▶ TASK DETAILS: Word for word, print out all of the data, omitting every image.

▶ SUPPLIED MATERIAL:
□ □ □ □ □

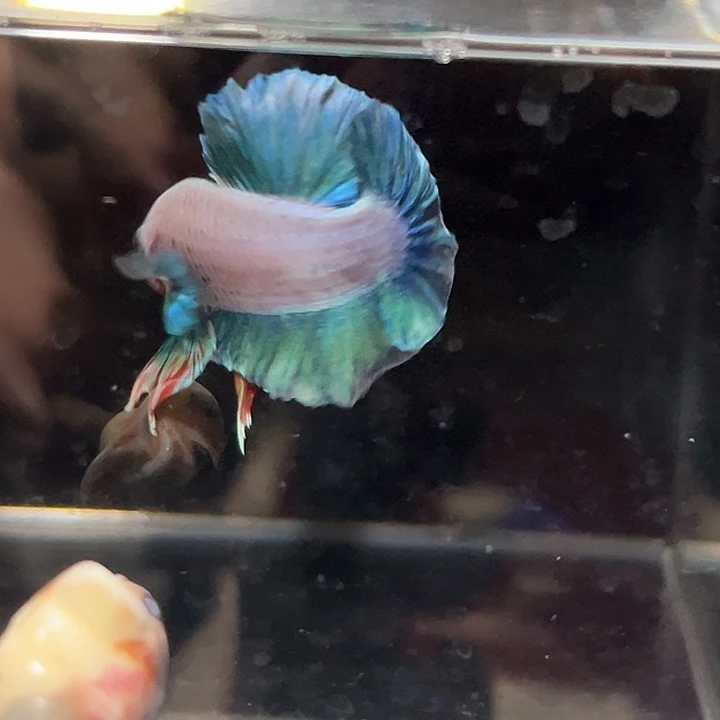 斗鱼38号清货将军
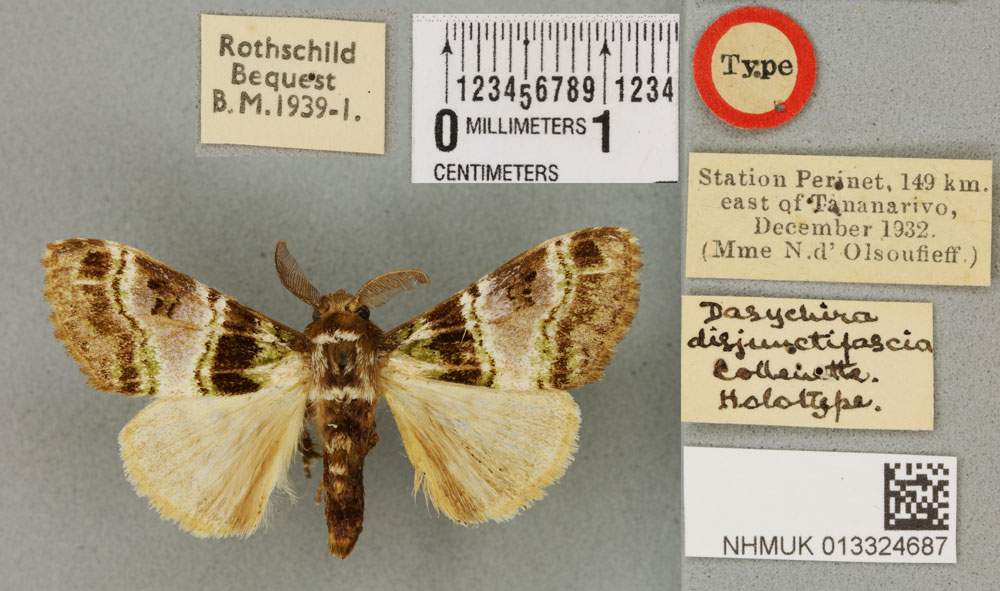 /filer/webapps/moths/media/images/D/disjunctifascia_Dasychira_HT_BMNHa.jpg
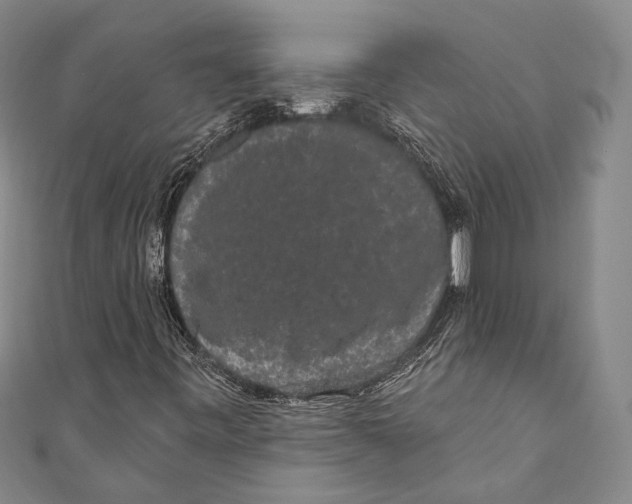 X0000110961443200907101318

□ □ □ □ □

▶ ANSWER FOR THIS EXERCISE:
 斗鱼38号清货将军
 /filer/webapps/moths/media/images/D/disjunctifascia_Dasychira_HT_BMNHa.jpg
 X0000110961443200907101318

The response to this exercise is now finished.